What to produce: Reproduce the data below exactly. Skip the pictures.

Exercise data:
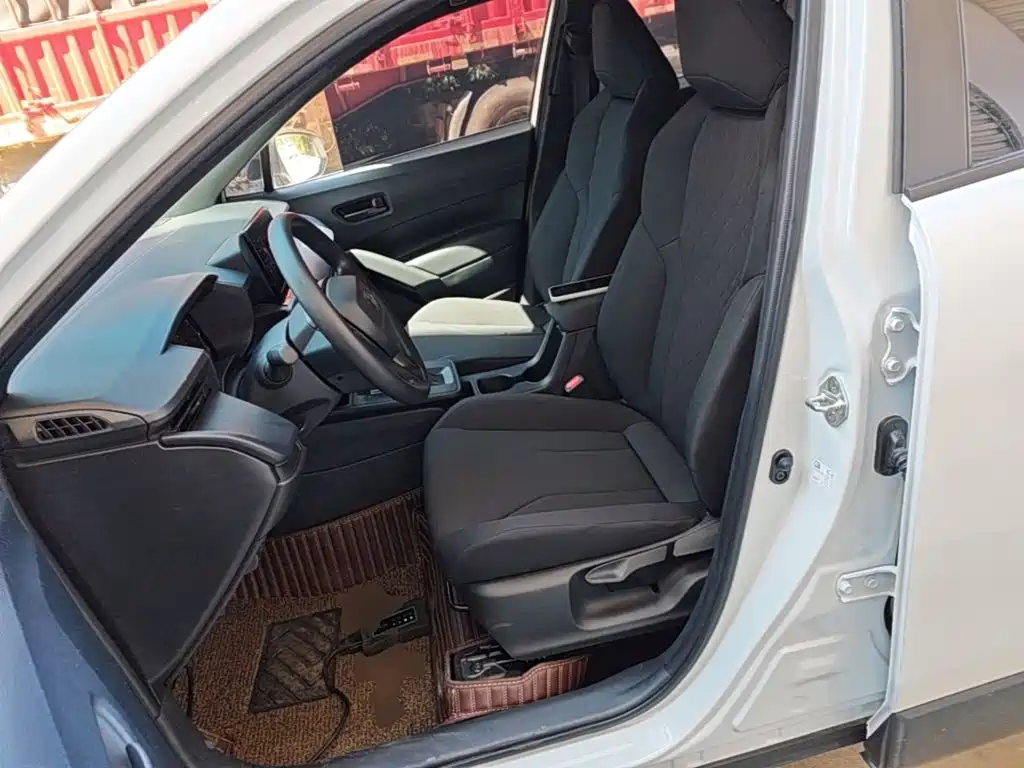 Toyota Corolla Cross — миниатюра 15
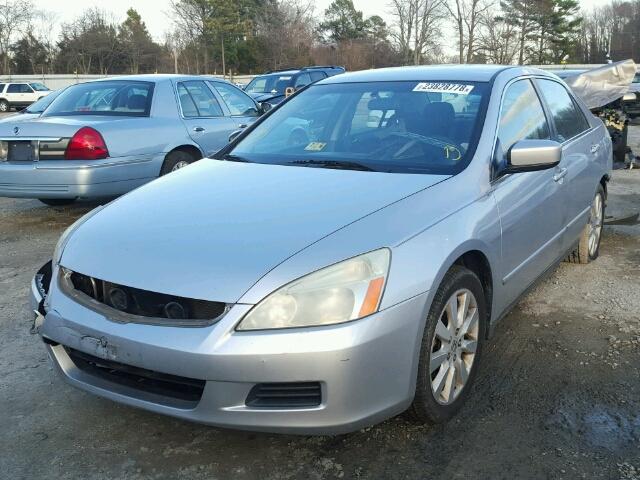 1HGCM66437A059323 - 2007 HONDA ACCORD SE SILVER photo 2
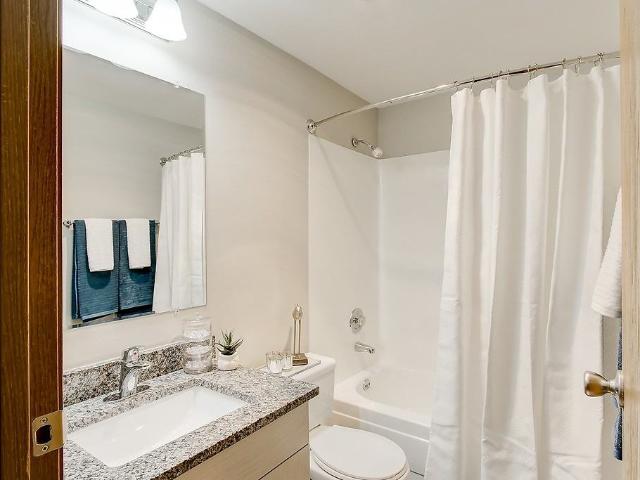 Apartment for rent in Willows & Rose Hill, Redmond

Answer to the exercise:
 Toyota Corolla Cross — миниатюра 15
 1HGCM66437A059323 - 2007 HONDA ACCORD SE SILVER photo 2
 Apartment for rent in Willows & Rose Hill, Redmond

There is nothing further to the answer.